I am hugely excited about joining the Making All Voices Count programme as Director of Policy & Learning in Johannesburg. The programme is a global initiative that supports innovation, scaling, and research to deepen existing innovations and help harness new technologies to enable citizen engagement and government responsiveness.

This Grand Challenge focuses global attention on creative and cutting-edge solutions, including those that use mobile and web technology, to ensure the voices of all citizens are heard and that governments have the capacity, as well as the incentive, to listen and respond.

Making All Voices Count is supported by the U.K Department for International Development (DFID), U.S. Agency for International Development (USAID), Swedish International Development Cooperation Agency, Open Society Foundations (OSF) and Omidyar Network (ON), and is implemented by a consortium consisting of Hivos (lead organisation), the Institute of Development Studies (IDS) and Ushahidi.

The aim of Making All Voices Count is a substantial push towards effective democratic governance and accountability. The conviction is that open government depends on closing the feedback loop between citizens and government. And given that every major survey of what people across the world want to see in the next global development framework places governance near the top, it is fourth on the MyWorld survey for example, this is a hugely exciting challenge.

I am, however, very much torn at the prospect of leaving International Alert, not only the UK's leading peacebuilding NGO but I would say one of the most amazing organisations I have ever come across. Alert grew out of Amnesty International in the early days and combines a focus on human rights with the business of first understanding, and then getting to the root causes of the violence that creates the conditions for those rights to be abused. They work, often behind the scenes and with little thanks, in places where the relationship between communities and political elites are broken, often completely absent, with the human misery that follows. In working, over long, thankless and often painful years way after the TV cameras have moved on, they concentrate on developing ways to re-establish those relationships with the means to manage conflict without the use of armed violence.

In a sense, these states are ground zero for the challenge of achieving open, responsive and effective governance - and having had the privilege of working alongside some of the most inspiring people you could ever hope to meet I hope I can take that experience into this next challenge.

Who knows, get it right, and we could change the world!

Wednesday 27 November 2013

Open Working Group on Open Government

The Open Working Group will be debating 15 indicators of progress towards tackling conflict & fragility at its meeting in February, before closing the doors to start the arduous task of writing their report, to be debated at the September General Assembly before feeding into the High Level Political Forum for the last stretch of the post-2015 marathon.

It’s shaping up to be an important meeting and I am told by officials close to the process that the atmosphere becomes tense whenever different country missions talk about it, because it inevitably raises very awkward and difficult issues.

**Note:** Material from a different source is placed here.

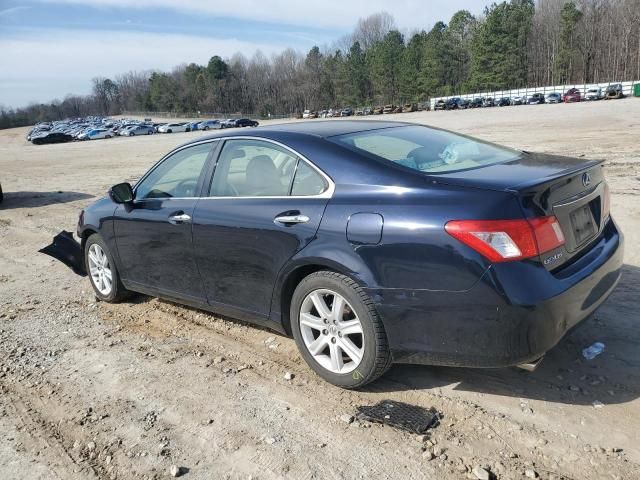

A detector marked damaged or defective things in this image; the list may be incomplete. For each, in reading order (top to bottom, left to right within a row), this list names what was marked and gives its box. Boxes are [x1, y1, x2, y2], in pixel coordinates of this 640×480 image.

damaged vehicle [76, 121, 624, 390] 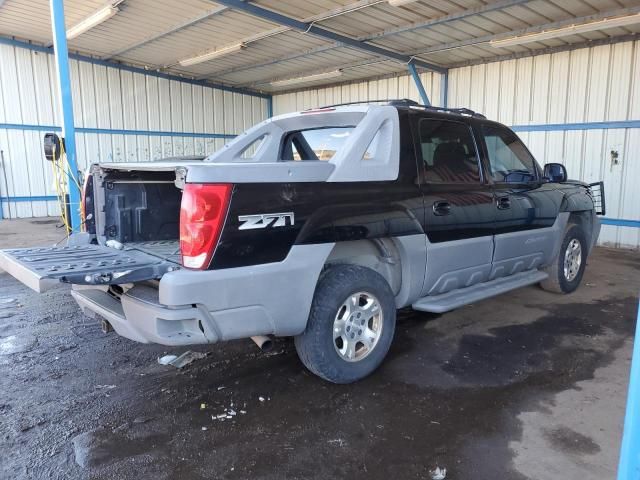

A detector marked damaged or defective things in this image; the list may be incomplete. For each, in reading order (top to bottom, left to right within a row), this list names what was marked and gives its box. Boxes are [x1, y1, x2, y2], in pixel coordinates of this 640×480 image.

damaged bed side panel [0, 244, 180, 292]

Bad politics, freedom of expression, corruption are among them and the inevitable push-back against including these areas in a post 2015 framework started last September as a result.

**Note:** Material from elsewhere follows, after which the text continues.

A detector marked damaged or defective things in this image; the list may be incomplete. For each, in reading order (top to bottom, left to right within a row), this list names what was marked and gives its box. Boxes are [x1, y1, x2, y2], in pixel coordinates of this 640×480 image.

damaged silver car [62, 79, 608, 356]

Here at today's European Development Days conference there was a debate involving Sam Doe, who was a lead official at the United Nations Development Programme tasked with one of the nine thematic consultations on conflict, fragility & disaster resilience. He had some interesting news for the gathered throng: open governance was likely to be a key theme and he had already been asked to prepare some indicators of progress for the Open Working Group to debate. The linking of governance to conflict was a connection already made by the High Level Panel in their own report, but the question is how to measure progress. 

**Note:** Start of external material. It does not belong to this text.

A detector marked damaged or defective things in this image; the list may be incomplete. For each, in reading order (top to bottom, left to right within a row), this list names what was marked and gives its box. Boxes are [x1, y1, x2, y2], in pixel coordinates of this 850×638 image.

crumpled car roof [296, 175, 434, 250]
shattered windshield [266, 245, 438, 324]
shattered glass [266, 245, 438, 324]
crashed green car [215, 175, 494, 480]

The proposed indicators are an interesting mix, and include three broad themes: Governance, Conflict and the Rule of Law. They are as follows:

  • Corruption
  • Transparency
  • Participation including political participation
  • Freedom of expression
  • Social accountability
  • Violent deaths
  • Women
  • Cohesion, the extent of social
  • Inequality
  • Global factors exacerbating conflict
Rule of Law
  • National identity (reference was made to the number of Syrian refugees now stateless as a result of no formal national identity)
  • Judicial capacity – the extent to which the system can function
  • Professional standards among judicial staff
  • Women’s property rights
  • Women’s ability to to register and run private enterprises
It’s an interesting mix and I will reflect on it more later- but for the time being I thought this was a really positive step forward in terms of framing a debate about measuring progress rather than the stale old debate about whether all of this stuff should be part of the post 2015 framework at all. The fact we haven't tried this holistic form of development before has already led some people who should know better to start drawing perverse conclusions, which will only make matters worse unless discussions are focussed on how to make it work rather than carry on as we have - which has demonstrably failed the poorest and most vulnerable to date.

The fact remains any major study of what people on the ground in the poorest countries think reveals that they rate governance higher than almost anything else – it is currently third overall in the MyWorld survey for example and similar findings arise from the UN Task Team Consultations and the work of the High Level Panel.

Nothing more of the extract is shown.